" Premiers échos : trente millions de dollars, des années de tournage, des années de montage, un cinéaste courtoisement mégalomane qui joue à quitte ou double avec sa fortune, sa réputation, sa vie. Démesure... Premières images : un paradis oriental, tout en verdure, de palmes, feuilles et branches sauvages, bordé d’une plage, tissé de calme. Et, tout à coup, une explosion infernale au napalm, flambée satanique qui embrase tout. Sans frémissement. Sans pitié. Démence...
Audace, encore : tel le fils de Mussolini qui trouvait belles les bombes larguées de son avion et les comparait à des fleurs qui s’ouvrent, Coppola peint le cauchemar de la guerre qu’il dénonce en poète. Son film est un feu d’artifices, une explosion lyrique, allégorique. Guernica à Saigon. Point d’intimisme. Il fait de sa réflexion sur l’assassinat crépusculaire des « bridés » une œuvre d’art.

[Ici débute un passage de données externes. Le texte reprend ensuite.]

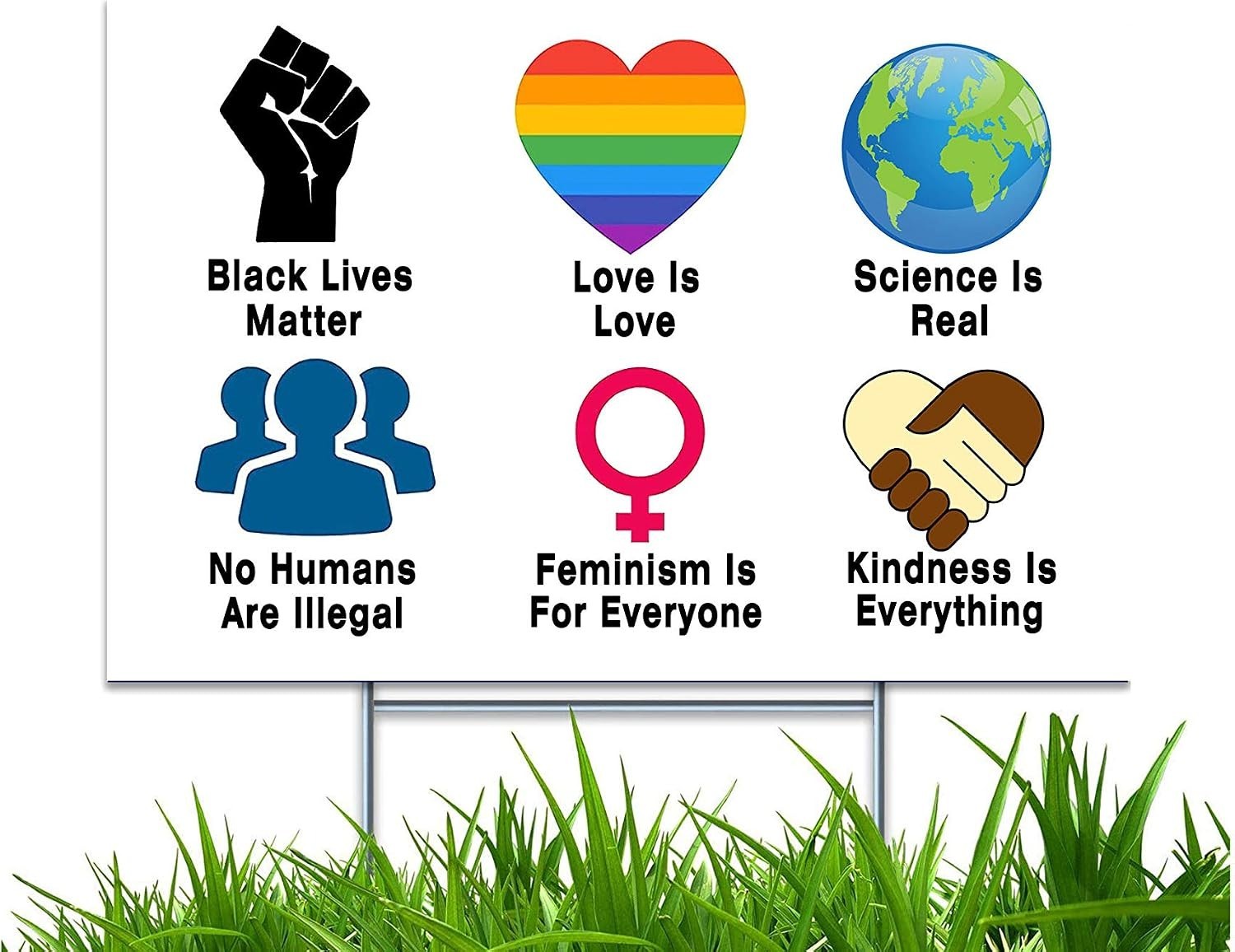 Yard Sign with H-Frame Stakes Love is Love Science Kindness No Humans Are Ill…
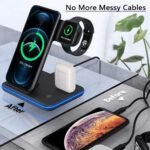 Purchase 3 in 1 Wi-fi Charger for Wi-fi Charging Station for Qi 15W Quick Wi-fi Charging Stand Dock Wi-fi Charger Appropriate with All Smartphone - Greatest Value India | AskMeFlash - Image 2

Et il serait désespérément inutile de chercher dans cette toile morbide toute trace d’un constat naturaliste. C’est à un opéra shakespearien que ce nouvel Orson Welles nous convie. Un grand opéra des ténèbres, de l’horreur, de la folie.
(...) Mais qu’est-ce film, qui, d’un coup (via le Festival de Cannes et sa Palme d’Or), sort du mystère pour entrer dans le génie ? Pour l’anecdote politique : le Vietnam (hier) et le gâchis (maintenant). Mais pour la morale universelle : la barbarie (hier) et l’Apocalypse (maintenant). « Debout sur le flanc de la colline, j’eus le pressentiment que, sous l’aveuglant soleil de ce pays, j’allais apprendre à connaître le démon, flasque, hypocrite, aux regards évasifs, le démon d’une folie rapace et sans merci », déclare le héros de la nouvelle de Joseph Conrad (Le cœur des ténèbres) dont Coppola s’est inspiré. Quel démon ? That is the question...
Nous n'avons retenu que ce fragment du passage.